Nos bastidores, o ex-piloto tem feito declarações homofóbicas relacionadas a Senna. A série perde a chance de mostrar os embates entre eles. A rivalidade amigável com Alain Prost, um dos pontos interessantes da história, também é um tanto tímida. Falta vida na cinebiografia da Netflix. Ao tentar exibir com rédea curta “a verdadeira imagem do piloto”, a família acabou por mostrar apenas aquilo que ela própria gostaria de ver no espelho: uma imagem narcisista.
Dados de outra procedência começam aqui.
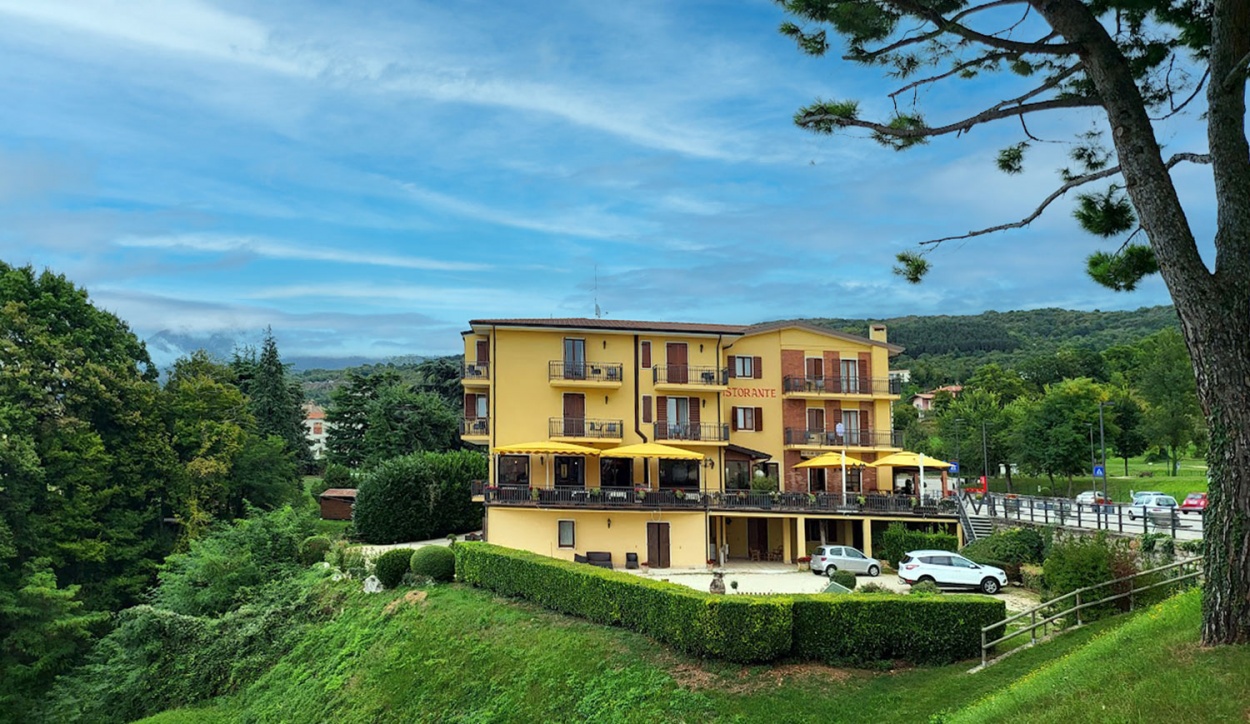  Hotel Costabella in San Zeno Di Montagna 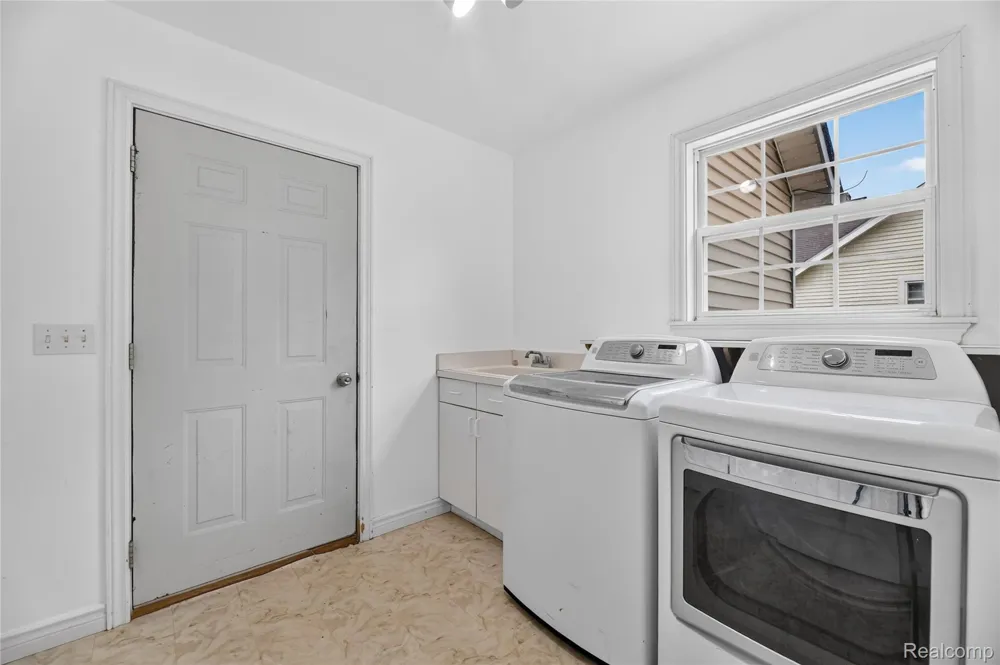 6452 Sandy Knoll Fenton Charter Township, MI 48451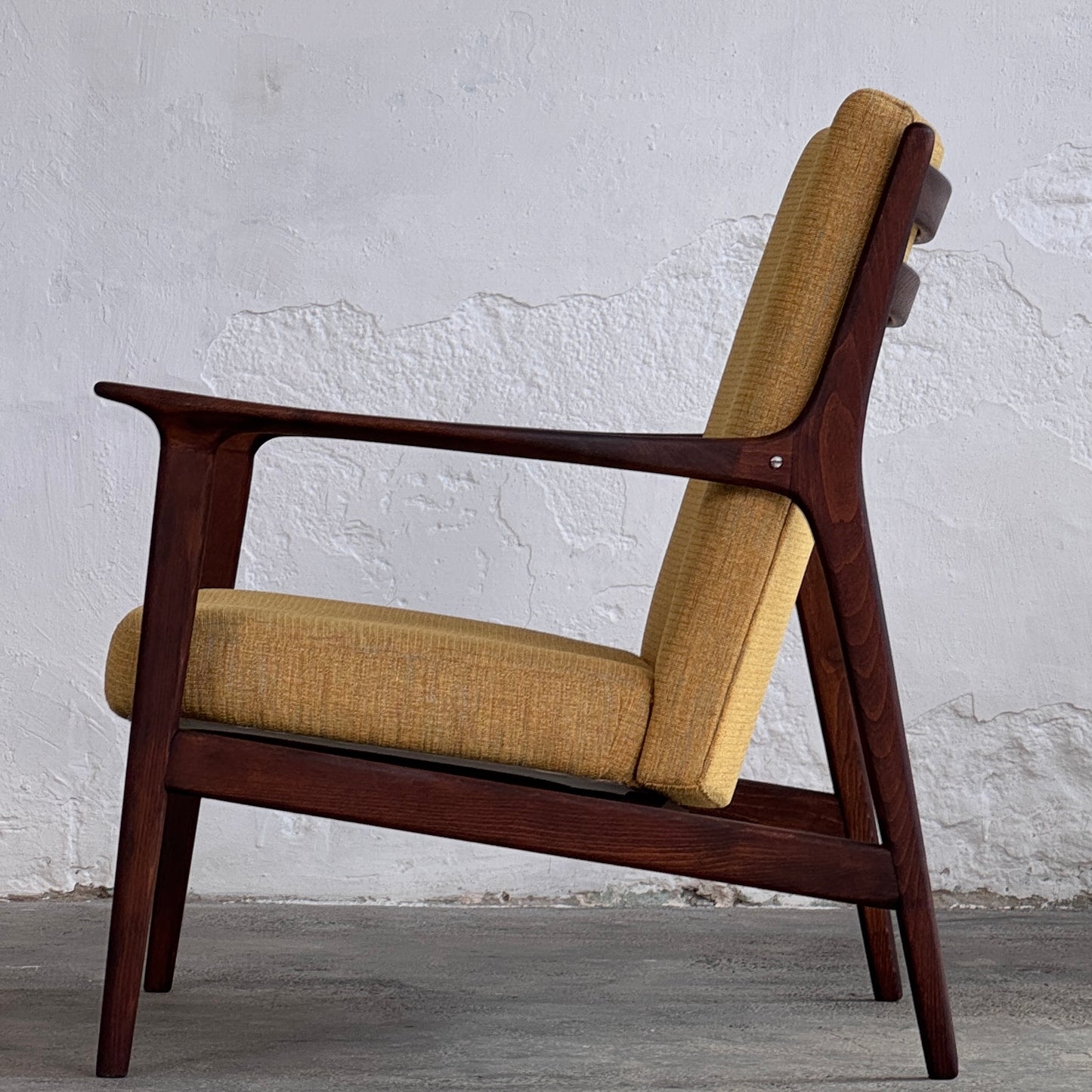 Danish Style Fully Refurbished Mid-Century armchair, 1960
As cenas de corrida, a direção de arte e a caracterização são os pontos altos da produção. E são em parte o que seguram os seis episódios da série, junto com o carisma de Gabriel Leone e de nossa boa vontade de telespectador.
Ainda nos anos de 1990, o renomado diretor Michael Mann, autor da obra-prima como “Fogo Contra Fogo”, e que recentemente filmou a vida de Enzo Ferrari com o ator Adam Driver, foi cotado para fazer um filme sobre Senna. Na época, Antonio Banderas assumiria seu papel. Não sabemos porque o projeto não andou, mas a família talvez ficasse contrariada ao se deparar com a liberdade de um artista.
A arte costuma ir mais longe do que um apego ingênuo a uma suposta fidelidade documental.
O curioso é que Gabriel Leone esteve no filme “Ferrari” (2023) de Michael Mann, fazendo o papel do piloto espanhol Alfonso de Portago, que sofreu um trágico acidente em 1957. Naquele filme, o final é sombrio e angustiante. No caso da série em questão, quase como num happy end, as letras voltam à tela para autoelogio que a família faz a si própria, pelo trabalho filantrópico do Instituto Ayrton Senna. Quem sabe no futuro alguma produção com mais liberdade esteja à altura da complexidade do que foi Ayrton Senna e o contexto de sua ascensão.
* Marcos Vinícius Almeida é escritor, jornalista e redator. Mestre em Literatura e Crítica Literária pela PUC-SP, colaborou com a Ilustríssima da Folha de S. Paulo e O Globo. É autor do romance Pesadelo Tropical (Aboio, 2023).
**Este é um artigo de opinião e não necessariamente representa a linha editorial do Brasil do Fato.